Duncan J. Watts is Associate Professor in the
Department of Sociology at Columbia University and Director
of the Collective Dynamics Group. He is the author or
co-author of numerous journal articles, including "An
Experimental Study of Search in Global Social Networks,"
published in Science. He has also authored two
books, Small Worlds: The Dynamics of Networks between
Order and Randomness and Six Degrees: The Science
of a Connected Age. He is co-editor of The Structure
and Dynamics of Complex Networks. Watts also
publishes in the popular press, including "Network
Space," which appears in the June 2003 issue of
Wired Magazine. Watts holds a Ph.D. in theoretical
and applied mechanics from Cornell University and a
bachelor‘s degree in physics from University College,
University of New South Wales, Australian Defence Force
Academy. He served as an officer in the Royal Australian
Navy.
Janet L. Yellen is Eugene E. and Catherine M.
Trefethen Professor of Business and Professor of Economics
at the University of California at Berkeley, where she
has been a faculty member since 1980. While on leave
from the University of California from 1994 to 1999,
Yellen served as chair of the Council of Economic Advisers
and as a member of the Board of Governors of the Federal
Reserve System. She also chaired the Economic Policy
Committee of the Organization for Economic Cooperation
and Development. Yellen has specialized in studying
the causes, mechanisms, and implications of unemployment.
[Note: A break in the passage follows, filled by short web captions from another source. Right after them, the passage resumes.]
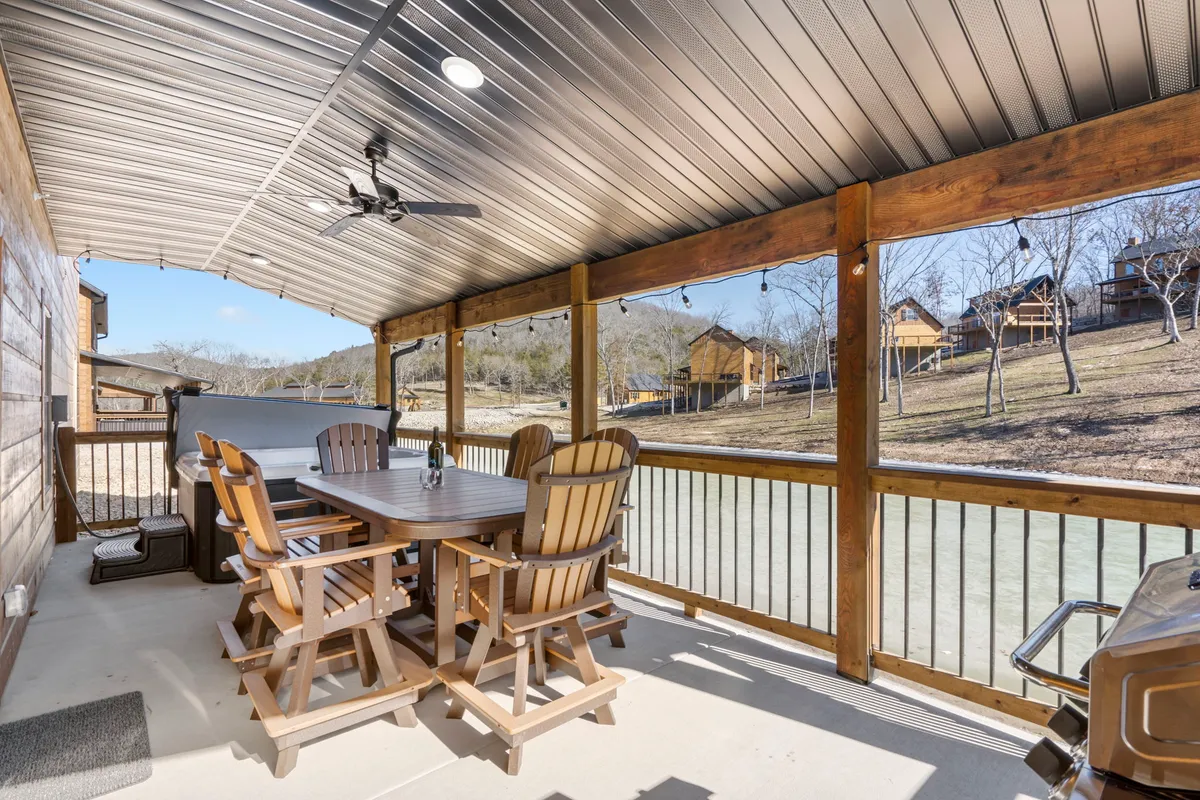 An inviting outdoor dining area on a wooden deck, complete with a dining table, wooden chairs, and a nearby grill looking out over a scenic river view. The space is set up for lively barbecues and group gatherings.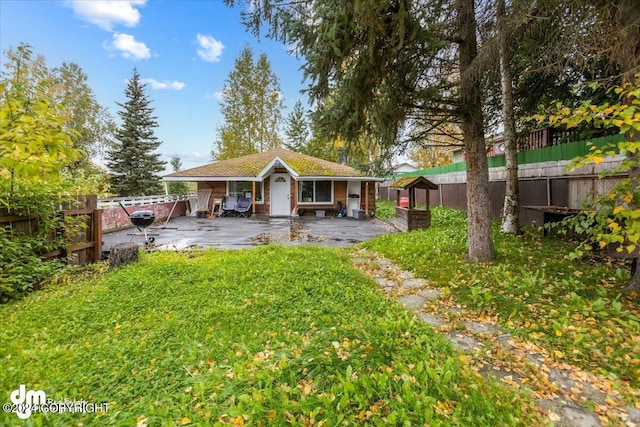 back of property with an outbuilding and a patio area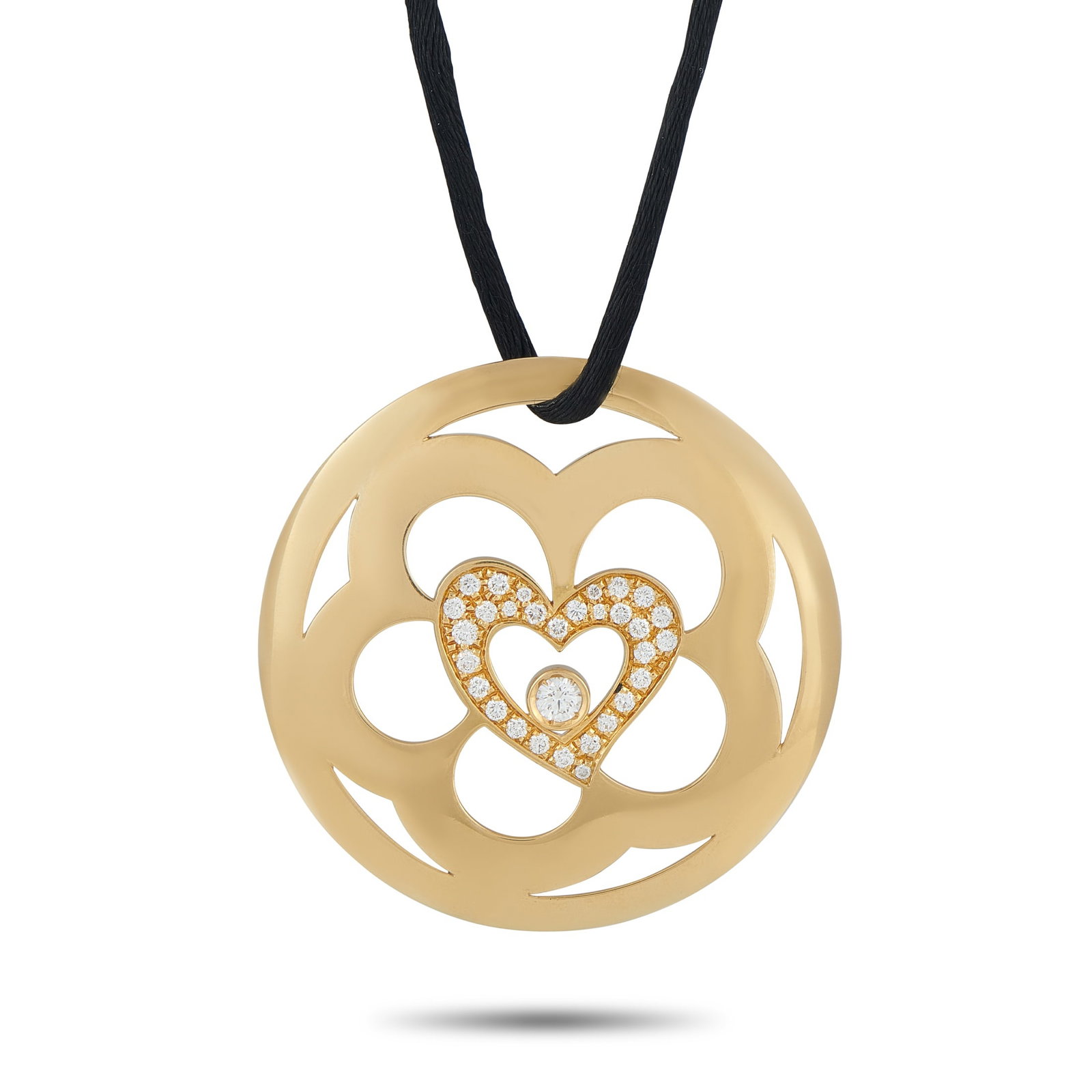 ESCADA 18K Yellow Gold 0.75ct Diamond Pendant: This striking Escada necklace is meant to make a statement. Negative space gives the 18K Yellow Gold pendant an artistic sensibility. At the center, a heart motif comes to life thanks to sparkling Dia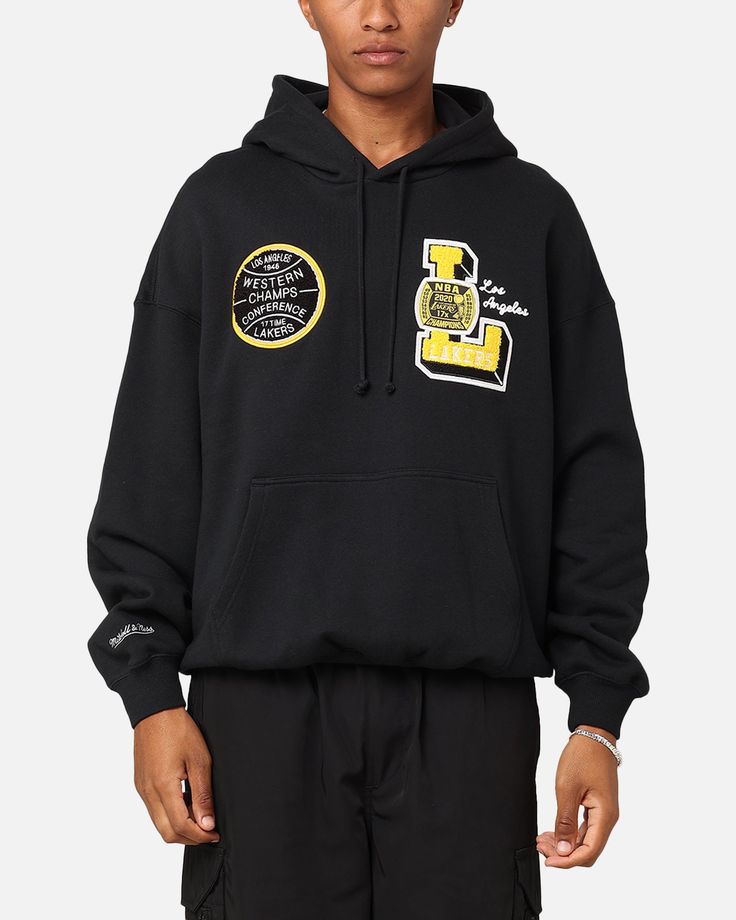 Get a slam dunk in the Los Angeles Lakers Conference Hoodie. This hoodie is decked out in embroidered team graphics to rep your fave team with chenille appliqués to give you that luxary streetwear feel. Finished off with ribbed trims to give you that super cosy fit when you're supporting the team you love. Don't miss out and grab yours today at Culture Kings. - Official merchandise - Embroidered brand graphics - Chenille appliqués - Hood - Adjustable drawstring - Kangaroo pocket - Dropped should Brand Graphics, Slam Dunk, Culture Kings, Black Culture, Mitchell & Ness, Los Angeles Lakers, Unisex Style, Formal Occasion, Unisex Fashion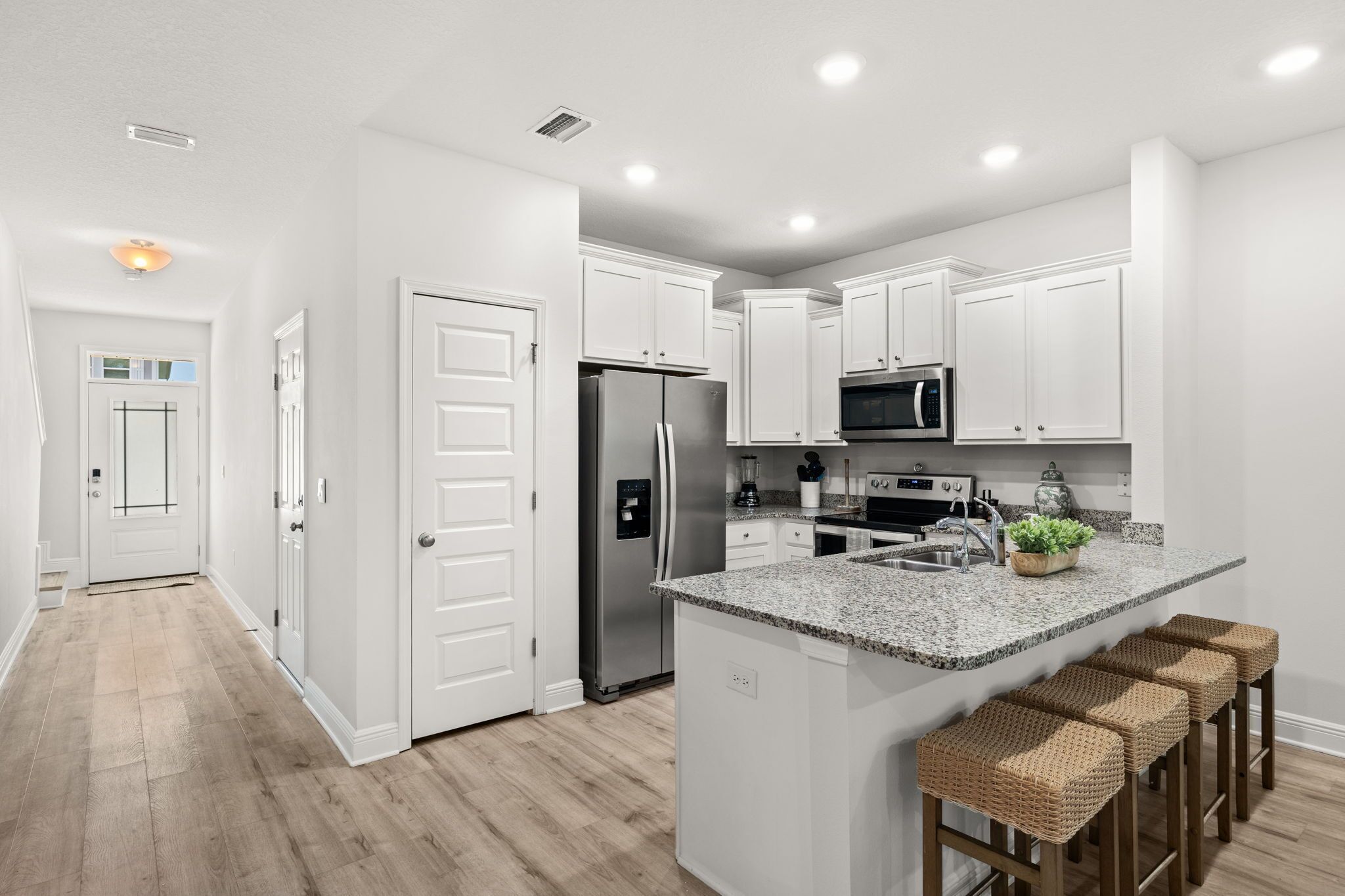 A modern kitchen with white cabinetry, stainless steel appliances, and a granite countertop island with bar stools.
She is a Research Associate of the National Bureau of
Economic Research, president-elect of the Western Economics
Association, and a Fellow of the Yale Corporation. In
addition to UCLA, she has taught at Harvard University
and the London School of Economics. Yellen holds a Ph.D.
in economics from Yale University, as well as honorary
degrees from Brown University and Bard College. Her
undergraduate degree is from Brown University.